(Wow, what a rambling message. I'm not sure which part you hope to see addressed.)

On Tue, Dec 22, 2015 at 1:54 PM, Andrew Barnert <abarnert@yahoo.com> wrote:
On Tuesday, December 22, 2015 12:14 PM, Guido van Rossum <guido@python.org> wrote:

>The UNIX find tool has many, many options.


I think a Pythonicized, stripped-down version of the basic design of fts (http://man7.org/linux/man-pages/man3/fts.3.html) is as simple as you're going to get. After all, fts was designed to make it as easy as possible to implement find efficiently.

The docs make no attempt at showing the common patterns. The API described looks horribly complex (I guess that's what you get when all that matters is efficient implementation).
 
In my incomplete Python wrapper around fts, the simplest use looks like:

    with fts(root) as f:
        for path in f:
            do_stuff(path)

No two-level iteration, no need to join the root to the paths, no handling dirs and files separately.

The two-level iteration forced upon you by os.walk() is indeed often unnecessary -- but handling dirs and files separately usually makes sense, and remarkably often there *is* something where the two-level iteration helps (otherwise I'm sure you'd see lots of code that's trying to recover the directory by parsing the path and remembering the previous path and comparing the two).
 


Of course for that basic use case, you could just write your own wrapper around os.walk:

    def flatwalk(*args, **kwargs):
        return (os.path.join(root, file)
                for file in files for root, dirs, files in os.walk(*args, **kwargs))
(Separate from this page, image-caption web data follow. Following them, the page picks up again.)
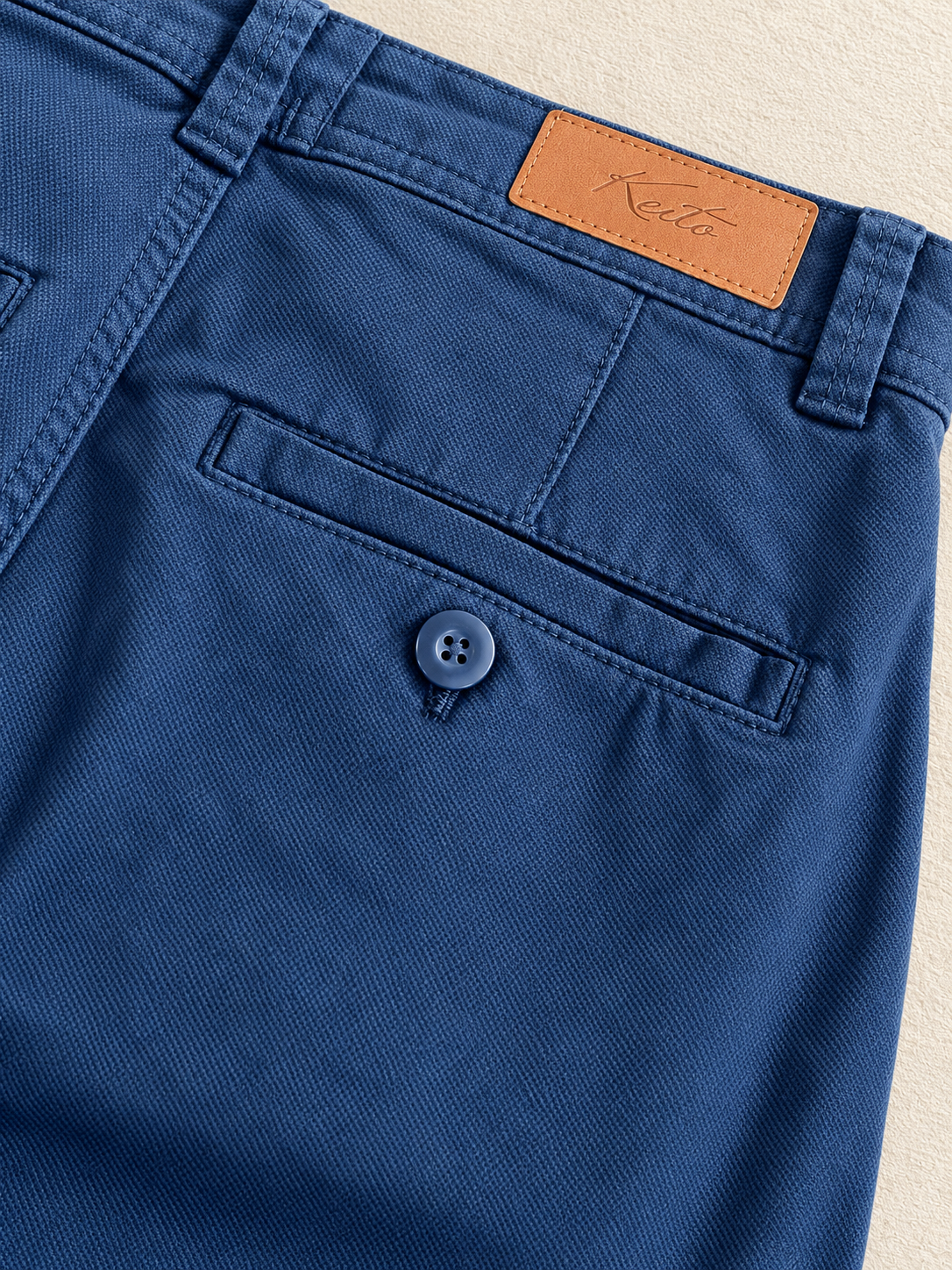 Jefry P Cot Pantalon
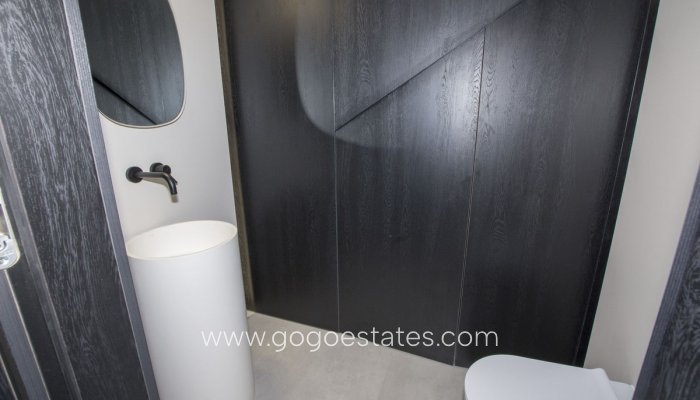 Te koop - Appartement - Appartement op de bovenste verdieping - Altea - Altea Centro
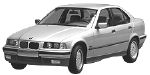 BMW E36 B1531 Fault Code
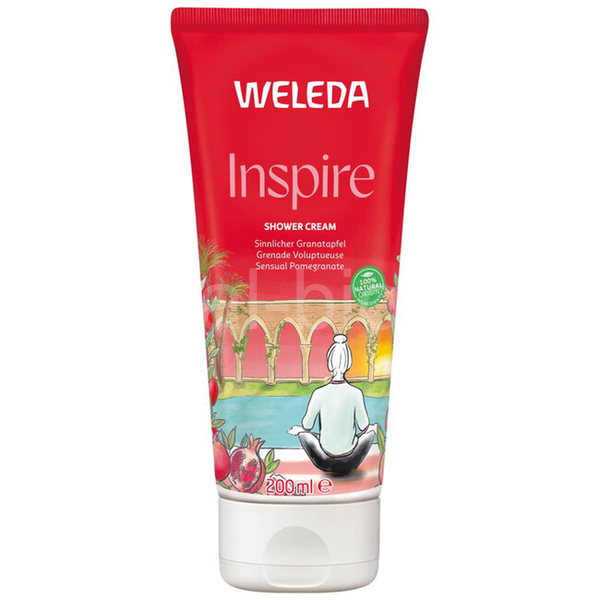 WELEDA KIDS 2in1 Children's Shower Gel and Shampoo 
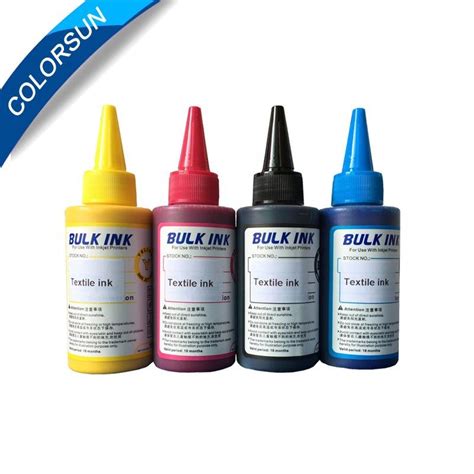 Textile Ink-DTF, Textile Ink-DTF direct from Shenzhen Chuang …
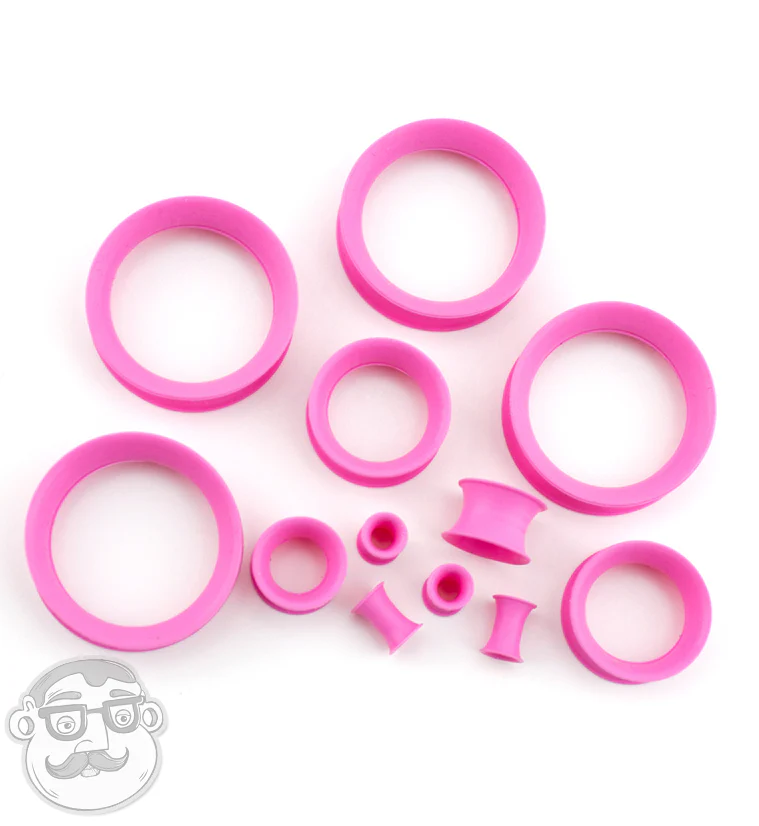 Kaos Bubble Gum Pink Silicone Skin Eyelets - Image 2
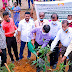 SRMIST-UBA  has planned a massive tree plantation drive on the eve of Engineer's Day 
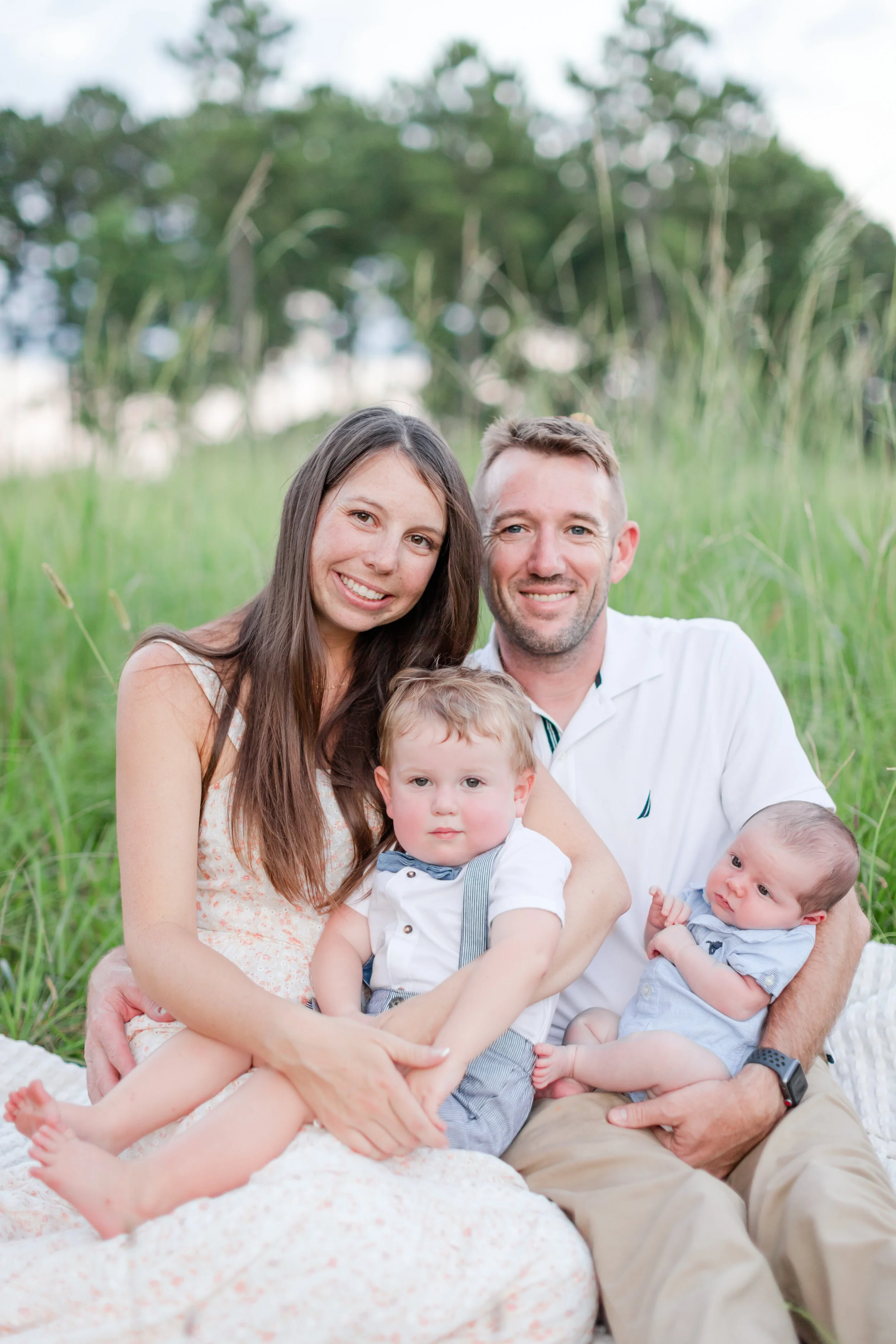 The Bowers Family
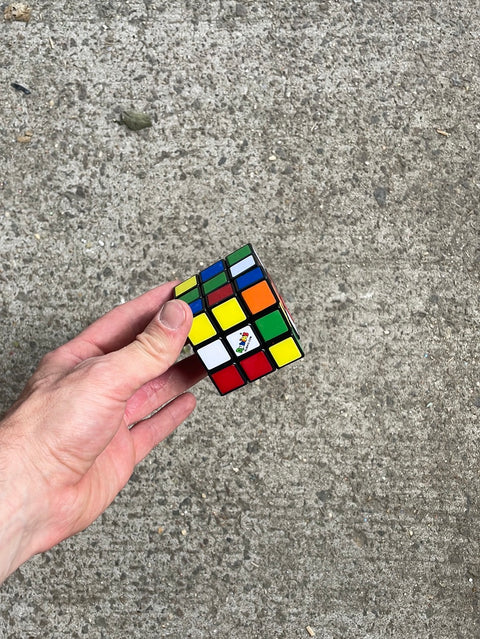 OG Rubik’s Cube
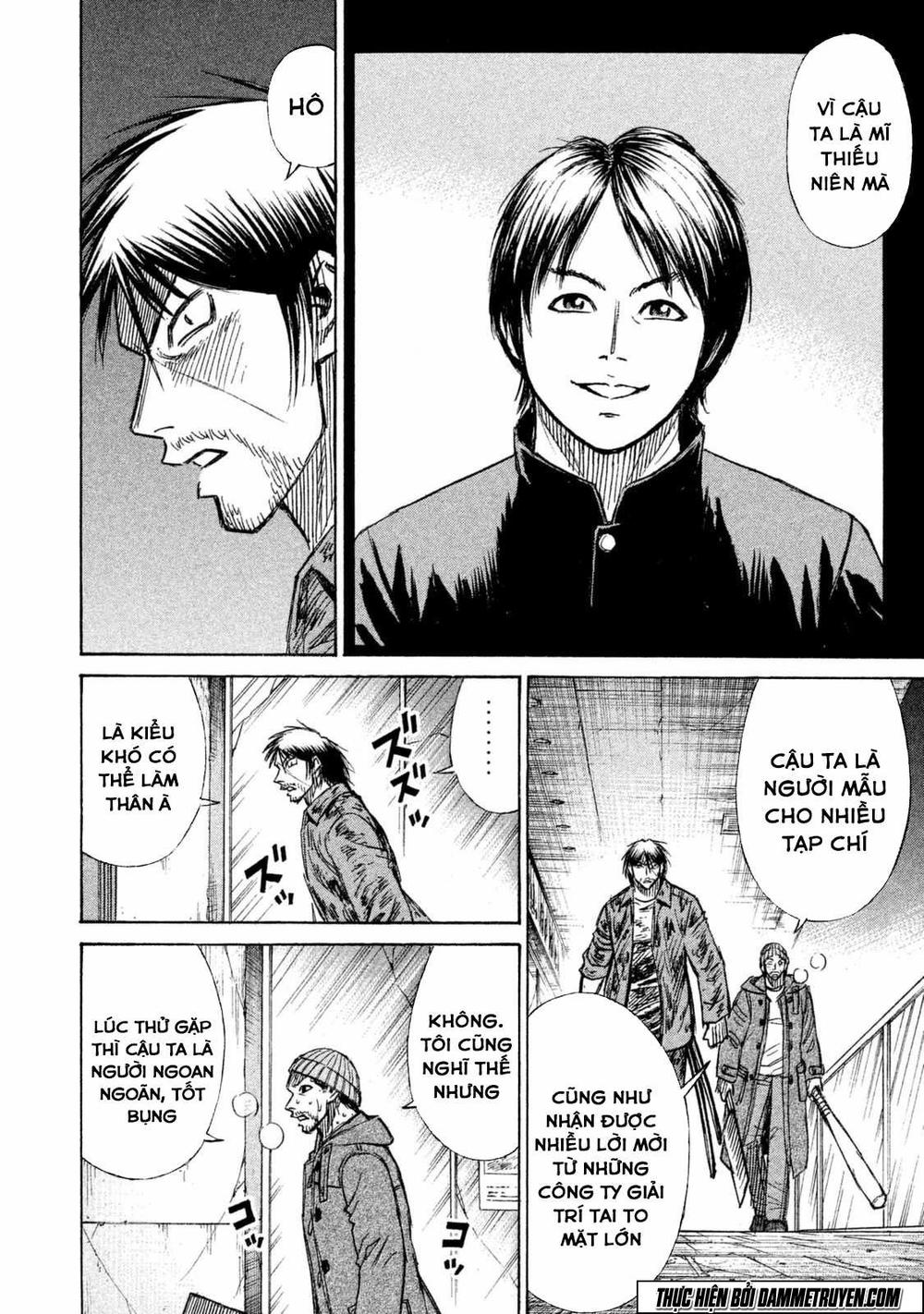 Đảo Ma Cà Rồng Phần 3 Chapter 8 - Trang 2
But more complex uses build on fts pretty readably:

    # find "$@" -H -xdev -type f -mtime 1 -iname '*.pyc' -exec do_stuff '{}' \;
    yesterday = datetime.now() - timedelta(days=1)
    with fts(top, stat=True, crossdev=False) as f:
        for path in f:
            if path.is_file and path.stat.st_mtime < yesterday and path.lower().endswith('.pyc'):
                do_stuff(path)

Why does this use a with *and* a for-loop? Is there some terribly important cleanup that needs to happen when the for-loop is aborted?

It also shows off the arbitrariness of the fts API -- fts() seems to have a bunch of random keyword args to control a variety of aspects of its behavior and the returned path objects look like they have a rather bizarre API: e.g. why is is_file a property on path, mtime a property on path.stat, and lower() a method on path directly? (And would path also have an endswith() method directly, in case I don't need to lowercase it?)

Of course that's can all be cleaned up easily enough -- it's a simple matter of API design.
 


When you actually need to go a directory at a time, like the spool directory size example in the stdlib, os.walk is arguably nicer, but fortunately os.walk already exists.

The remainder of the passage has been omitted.